The publication documents the successful track record of the LIHTC program in rural communities, describes barriers to affordability in these areas, and contains detailed profiles of many individual rural housing credit developments nationwide.

The report was prepared by Rapoza Associates, a Washington, D.C. firm, in partnership with five members of the National Rural Housing Coalition: Self-Help Enterprises; Coachella Valley Housing Coalition; Peoples’ Self-Help Housing Corporation; South County Housing; and Community Housing Improvement Program of California.

“Rural barriers face significant barriers to clean, decent, and affordable rental housing,” says the report. “Due to lower income and higher poverty rates, far too many rural families live in rental housing that is either too expensive or in substandard condition.”

The study says more than 3 million rural renters – over 47% of all rural renters – spend more than 30% of their income on rent, and rural renters are twice as likely to live in substandard housing as rural homeowners.

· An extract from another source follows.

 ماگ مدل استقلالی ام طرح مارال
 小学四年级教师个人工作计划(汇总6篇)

“LIHTC is the largest source of federal housing funding and is the principal tool used by rural communities to overcome these barriers to affordable rental housing,” says the study. “Since its inception in 1986, LIHTC has been used to develop and preserve more than 7,600 rental housing projects – or more than 270,000 rental units – in rural America.”

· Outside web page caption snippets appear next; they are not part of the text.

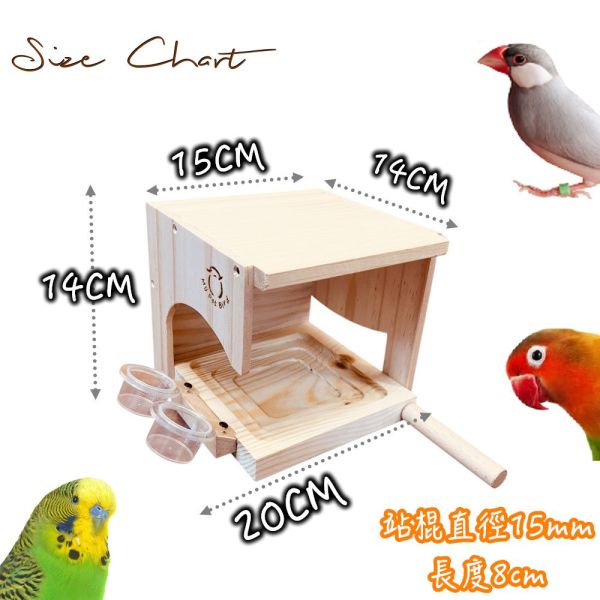 MY PET BIRD  多功能小型木屋 育雛老年與殘疾鳥寶的理想窩居設計 小型木屋、育雛窩、鳥窩設計、鳥寶飼養、殘疾鳥木屋、老年鳥窩、鳥蛋固定槽、活動小食盒、鳥窩站棍、舒適鳥窩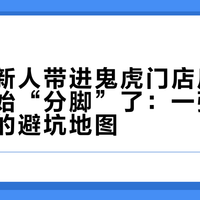 杨紫把新人带进鬼塚虎门店后，试鞋间开始“分脚”了：一张脚型与尺码的避坑地图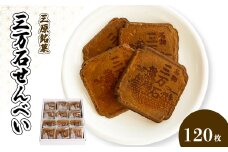 三万石せんべい120枚入 せんべい 和菓子 ご当地 手土産 老舗 銘菓 贈り物 広島県 三原市 192009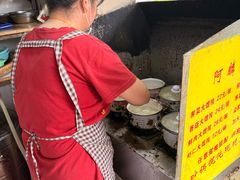 -阿麟馄饨(延长路店)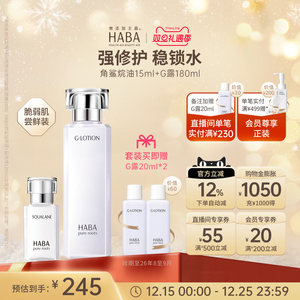 HABA鲨烷精纯美容油15ml/30ml/60ml舒缓保湿滋养修护润泽水G露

According to the report, while housing costs are generally lower in rural areas, “rural families have lower incomes and higher poverty rates than the national average.” The median annual income for rural families ($40,038) is 20% below the national median income and 23% below the median income for urban households. Rural renters are even worse off, with a median income of $25,833 and poverty rate of nearly 33%.

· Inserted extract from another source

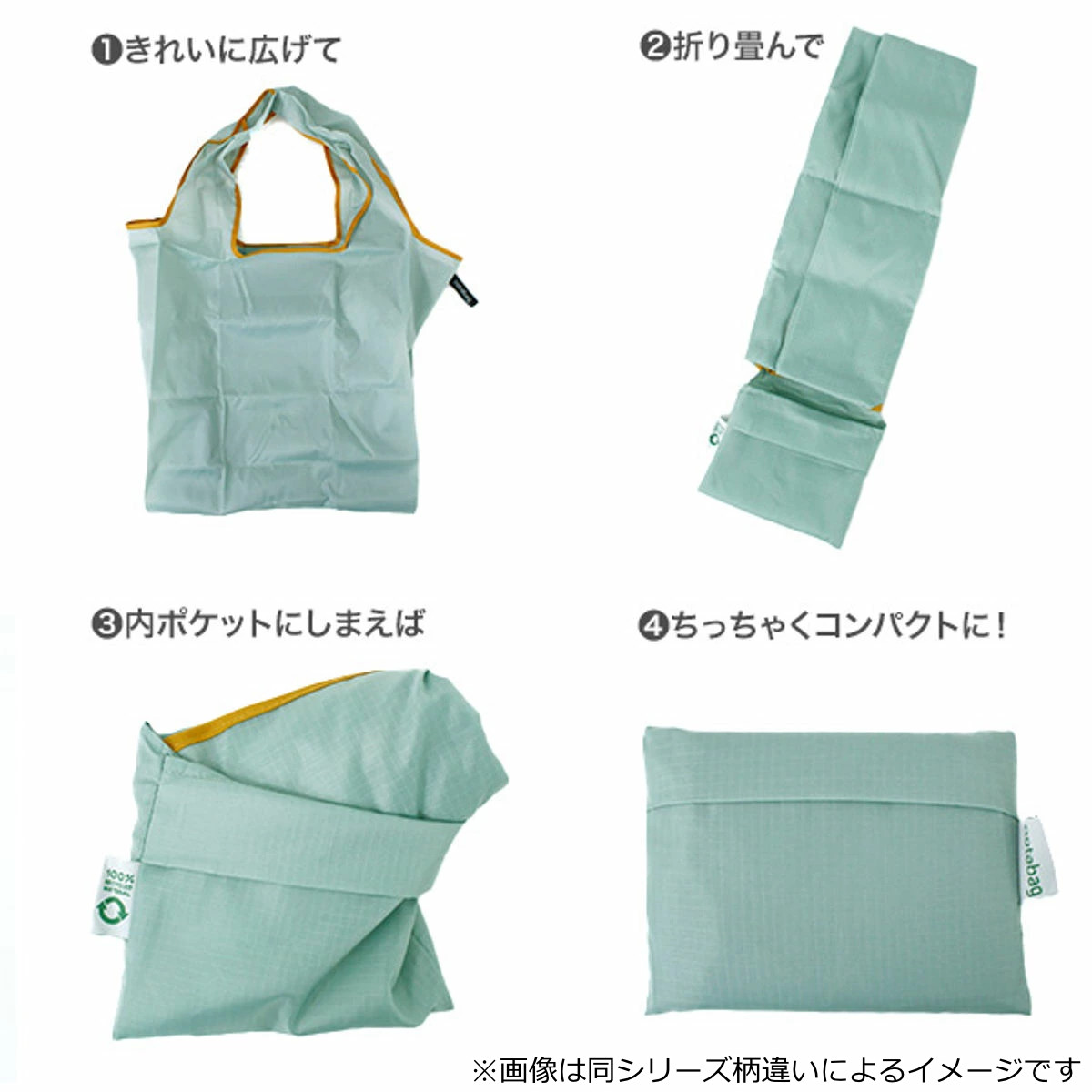 Notabag（ノットアバッグ） エコバッグ Notabag Tote Petra Eriksson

The study contains charts and extensive statistics on rural LIHTC projects and units, including the number of units in each state, funding sources, type of construction, location in high-risk census tracts, and economic impact. The report identifies the states that had set-asides in their 2011 qualified allocation plans for rural projects and the size of these set-asides.

In 2012, according to the report, LIHTC generated 48% of the total funds for rural new construction rental projects and 54% of the total funding for rural preservation rental projects.